New Heter Iska case, reported by Larry Kobrin, Esq.:
A reported case in the New York Law Journal illustrates the dangers of an attempted use of the heter iska form without coordination with counsel on the transaction. Heimbinder v. Berkovitz, King County NY Supreme Court, IA Part 4, Justice Demarest, reported in New York Law Journal, February 17, 1998, page 29, col. 4.
The case involved a claim that following a corporate borrowing from plaintiff, the defendants had fraudulently conveyed the corporate assets to other corporations without consideration. For the most part, the court found for plaintiff on factual grounds not here relevant.
As a last cause of action, plaintiff sought to recover personally from one of the principals who had been asked to sign a heter iska agreement governingt the transaction to permit the interest payments.
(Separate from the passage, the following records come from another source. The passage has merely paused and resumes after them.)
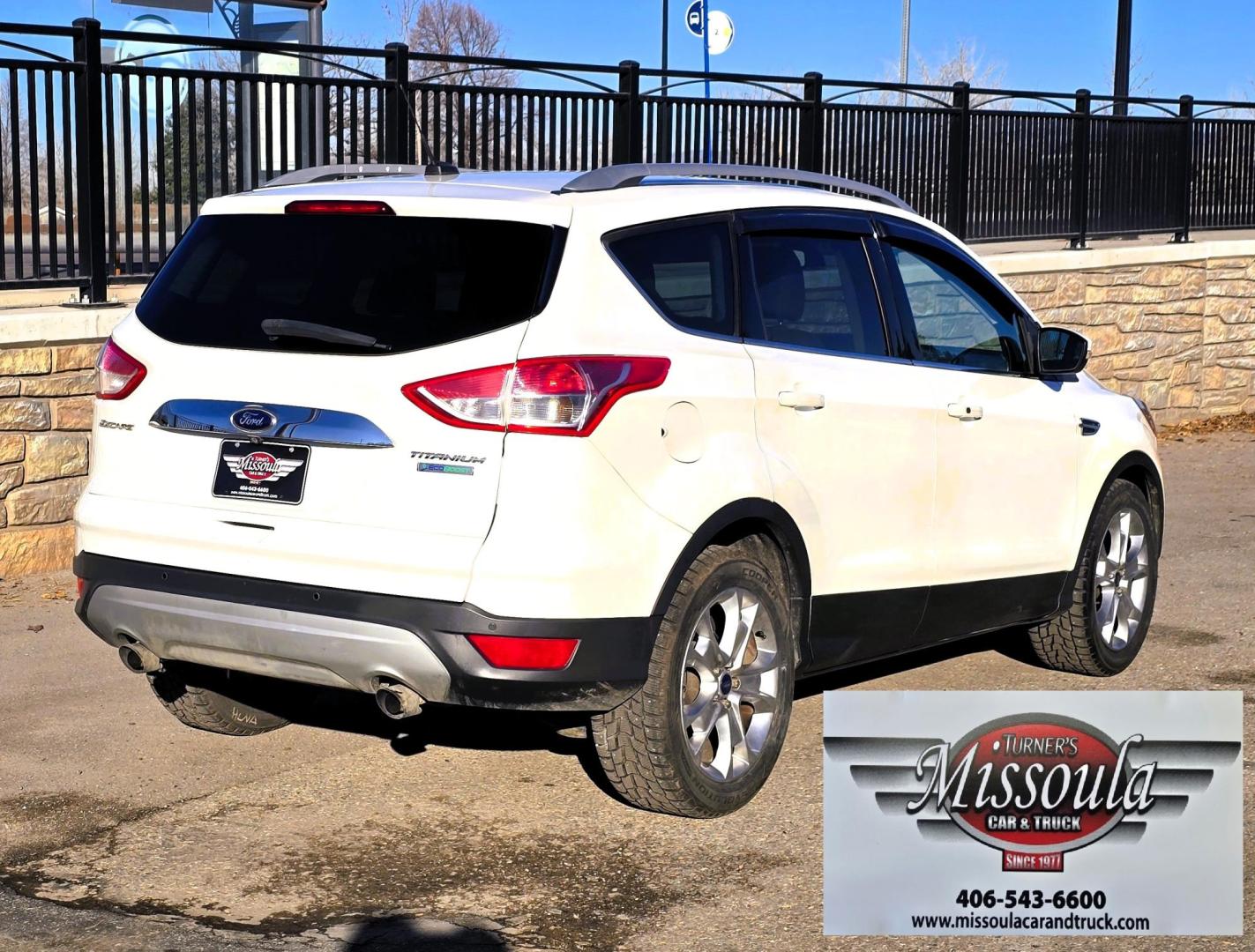 2014 White /Tan Ford Escape Titanium FWD (1FMCU0J95EU) with an 2.0L L4 DOHC 16V engine, 6-Speed Automatic transmission, located at 450 N Russell, Missoula, MT, 59801, (406) 543-6600, 46.874496, -114.017433 - Straight little SUV with a 2.0L I4 Eco Boost Engine. 6 Speed Select Shift Automatic Transmission. Navigation. Heated Leather Seats. Power Drivers Seat. Backup Camera. Blind Spot Detection System. Power Windows and Locks. Power Rear Lift Gate. Sync Voice Activated System. Bluetooth Audio and Phone. A - Photo#2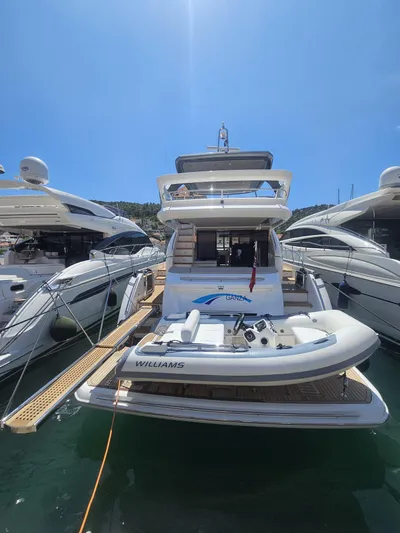  Yacht Photos Pics Luxury 2020 Princess F62 yacht docked with inflatable boat on deck.
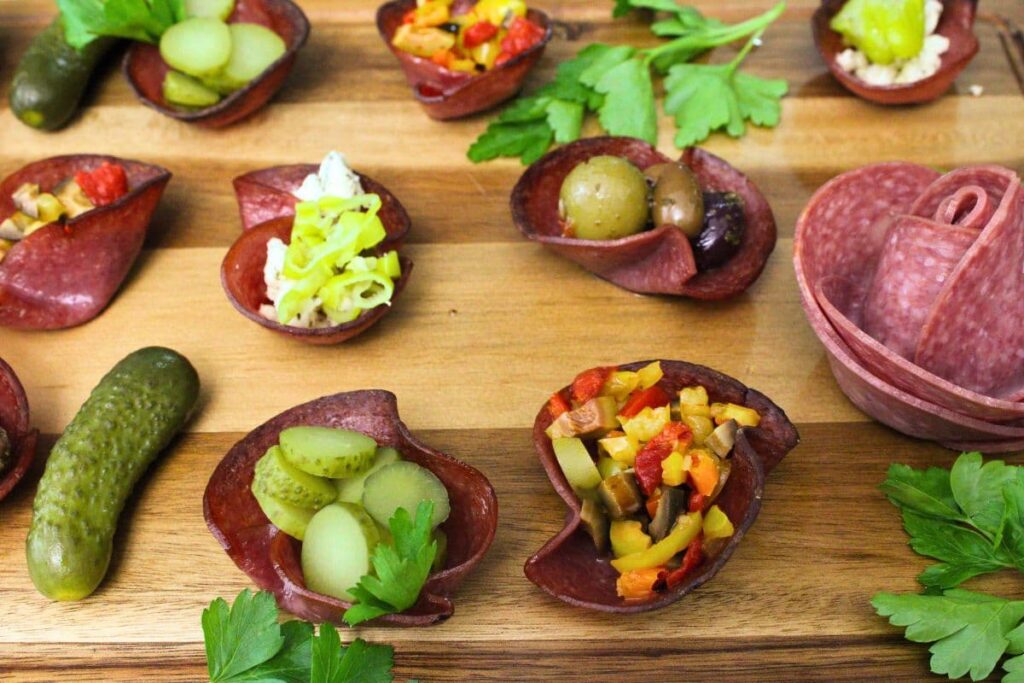 wooden platter filled with air fryer salami cups stuffed and surrounded by antipasti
Plaintiff claimed that the heter iska text (which individual defendant did not understand in Hebrew and had never seen before) was properly construed as a personal guarantee.
After some analysis, particularly the fact that a personal guarantee had been requested and previously rejected, and distinguishing earlier New York cases on the heter iska, the court found for the defendant on this particular claim.
While this decision may have come out correctly, the danger remains that a last minute request for a heter iska, if it is considered necessary, without any attempt to coordinate the document and possibly without any conversation with counsel on either side, has the potential for great confusion and danger.
It may be that in this particular case, it would have served the defendants right, given the report of the fraudulent conveyances, the risk might be imposed on blameless individuals in other circumstances.